Some novice authors can learn the wrong lesson from this narrative, believing that their writing should be done in isolation, which in turn leads them to put unnecessary pressure on themselves. Excessively self-reliant people already have a problem delegating work or trusting others, which makes it harder to bring in external help during the creative process and starves them of valuable insights into how to improve their work.

This level of self-sufficiency is not just emotionally exhausting, it can also cause burn-out. Talk to any author the day after they’ve handed an early draft over to their agent and they’ll tell you how wiped out they feel. But authors with a healthy support structure around them will bounce back faster than those who have completely drained the well and are having to start again from rock bottom on their own.

Books can be, and frankly should be, a more collaborative endeavour than many people imagine. Even before you have an agent and publisher, whose job it is to help you refine your manuscript, you can find story editors or development editors to provide feedback on improving structure, pacing and character. Beta readers can be great for soliciting useful insights into how your work is being read and a copyeditor can help you pick up typos that have somehow slipped through that eleventy-billionth edit. Hyper-independent writers, however, feel that they ought to be doing all this themselves.

Another way that book-writing culture damages hyper-independent authors is the set of norms we have for soliciting feedback: Editors, beta readers, agents are all brought in after the novel is complete and has at least had a bit of a polish, if not several redrafts. This is poor practice for a couple of reasons: It’s harder to accept feedback, and that feedback can come so late that fixing the problems becomes harder than it needs to be.

I have certainly struggled to accept substantive feedback when I have reach the point of feeling that the work “should” be “finished”. At that point, my feeling emotionally done with the story combines with my hyper-independence to make it almost impossible for me to hear that major changes need to be made. And I know I’m not alone in that. I’ve felt bad giving feedback to friends when I’ve sensed that all they really want to hear about are easily fixed typos.

And, as I’ve written here before, getting feedback towards the end of the writing process for Tag and discovering that I needed to make some pretty major changes was really disheartening. Had I realised 18 months ago that I needed to rethink the structure of the series, it would have been much, much easier to do.

But rarely do authors solicit feedback at the idea generation stage, when everything is still malleable. Perhaps we would benefit from doing so.

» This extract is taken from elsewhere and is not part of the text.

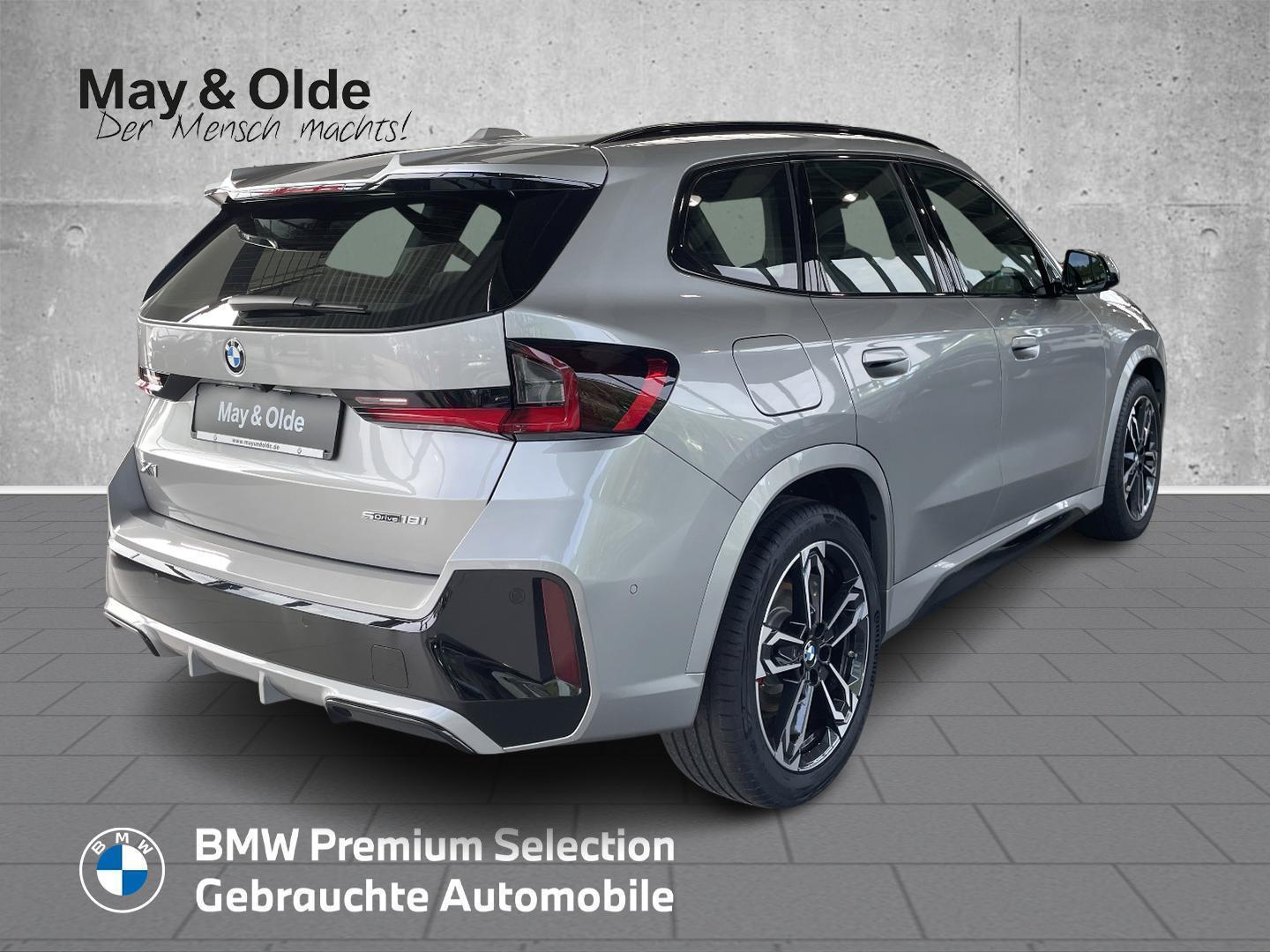 BMW X1 – Bild 6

Of course, this ties in with another problem that (not just) hyper-independent people have: Trust. How do we trust that our ideas aren’t going to be stolen by the people we share them with? We could ask them to sign an NDA (non-disclosure agreement) but firstly that doesn’t engender trust and secondly it’s impossible to enforce if you don’t have lots of money for lawyers.

But as with anything in life, trust is earnt, either through developing a relationship over time or by social proof, ie seeing that others have trusted a person and not been burnt by them. We develop trust in all sorts of people and institutions in the rest of our lives, yet creative trust seems particularly hard to come by. And if you’re hyper-independent, it’s even harder.

Yet if you look at some of the very best storytelling around, it’s on TV and it has come to us via writers rooms, where a group of people bat idea around until they have honed them down to a sharp point. Why don’t we do this with novels? Why isn’t story development in the very earliest stages of novel writing a more common thing? I know some people like to write to find out where the story goes, but thrashing out the basics before you put fingers to keyboard doesn’t preclude that.

Part of it, perhaps, is that hyper-independence comes with another more insidious trait: The desire to feel that one has conquered the mountain entirely on one’s own. It’s not just that we feel that we can’t depend on or trust other people to help us, it’s that we feel that our achievements are made lesser if we’ve accepted help. And I say ‘we’ because I know that this is something that I’ve been guilty of, and it’s especially true when it comes to creative work. The desire to be able to say “This masterpiece sprang fully formed from my brain, and my brain alone” can overwhelm any feeling that perhaps we might actually need some help, or that we might produce better work if we collaborated.

But no man is an island, and no writer’s work is entirely original. We are all standing on the shoulders of the giants whose work we’ve read before. It’s impossible to write without reading, and everything you read goes into your head where your subconscious mushes it up with everything else that’s ever happened to you and it all comes out in your writing.

The healthy response is to accept this. It’s not just OK that we are influenced by others, it’s good. It’s normal. It’s an essential part of being a writer. Indeed, it makes you a better writer. So trying to control your creativity and keep it entirely separate from your influences is a task that can only end in failure. Know that, accept it and move on.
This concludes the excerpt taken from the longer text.